The Economic Community of West African States (ECOWAS) Parliament has called for urgent reforms to dismantle structural barriers preventing women and informal traders from fully participating in regional commerce under the African Continental Free Trade Area (AfCFTA), stressing that inclusive trade policies are critical to unlocking West Africa’s economic potential.
Speaking at the Extraordinary Session and Parliamentary Seminar in Abuja, Nigeria, the Programme Officer, Trade Development, at the ECOWAS Commission, Christopher Mensah-Yawson, said women and youth remain at the heart of informal cross-border trade but continue to face systemic obstacles that limit their economic advancement.
“Women and youth face multiple obstacles, including cumbersome customs procedures, limited awareness of trade regimes, inadequate access to finance and storage facilities, gender-insensitive border infrastructure, harassment, extortion and security risks,” he said
He revealed that women account for 74 per cent of informal cross-border trade operators in West Africa, while young people under the age of 25 also form a significant proportion of those who depend on informal trade for their livelihoods.
Highlighting the region’s demographic structure, Mensah-Yawson noted that West Africa’s population exceeds 456 million, with nearly half being women and a median age of 18.2 years.
He described this as both an opportunity and a challenge for regional integration and economic transformation.

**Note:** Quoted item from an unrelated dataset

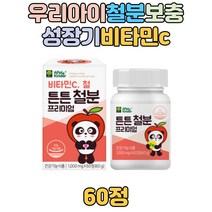 애플킨더 소중한 우리아이 비헴철 철분제 철분보충제 키즈 유아 아동 아이 초등학생 중학생 성장기 저학년 신생아 돌아기 맛있는 영양제 1살 2살 3살 4살 5살 6살 7살 비타민c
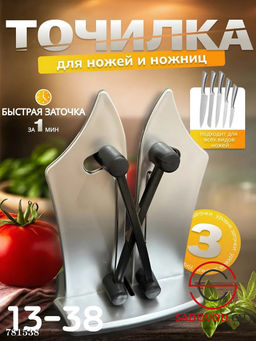 Точилка для заточки ножей и ножниц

He said, “These are enormous opportunities, but also serious challenges for integration and development, stressing that AfCFTA must work for those historically excluded from formal markets”.
According to him, AfCFTA provides a framework for inclusive trade through instruments such as the Protocol on Women and Youth in Trade, simplified trade regimes, digital trade initiatives and small and medium-scale enterprise support programmes.

Mensah-Yawson also outlined several ECOWAS initiatives aimed at empowering women and youth entrepreneurs, including the Informal Trade.
Regularisation Support Programme, the Trade and Gender Framework (2024–2030), and the Regional E-Commerce Strategy.
He added that digital skills training for rural women and partnerships with Ecobank and the International Trade Centre are helping to strengthen women-led businesses and youth enterprises across the region.
“Member States must accelerate reforms to formalise informal trade, protect vulnerable traders, and dismantle barriers to formal markets. Women and youth are central to economic resilience, food security and sustainable development in West Africa.”
Participants at the seminar, which forms part of broader parliamentary deliberations on expanding intra-regional trade, emphasised that informal trade, often underrepresented in official statistics, sustains millions of households, particularly in border communities, and plays a vital role in food security, market stability and regional connectivity.
The Lawmakers maintained that without deliberate, gender-responsive and youth-friendly reforms, the promise of AfCFTA to drive inclusive and sustainable growth across West Africa may remain unrealised.
Hauwa M.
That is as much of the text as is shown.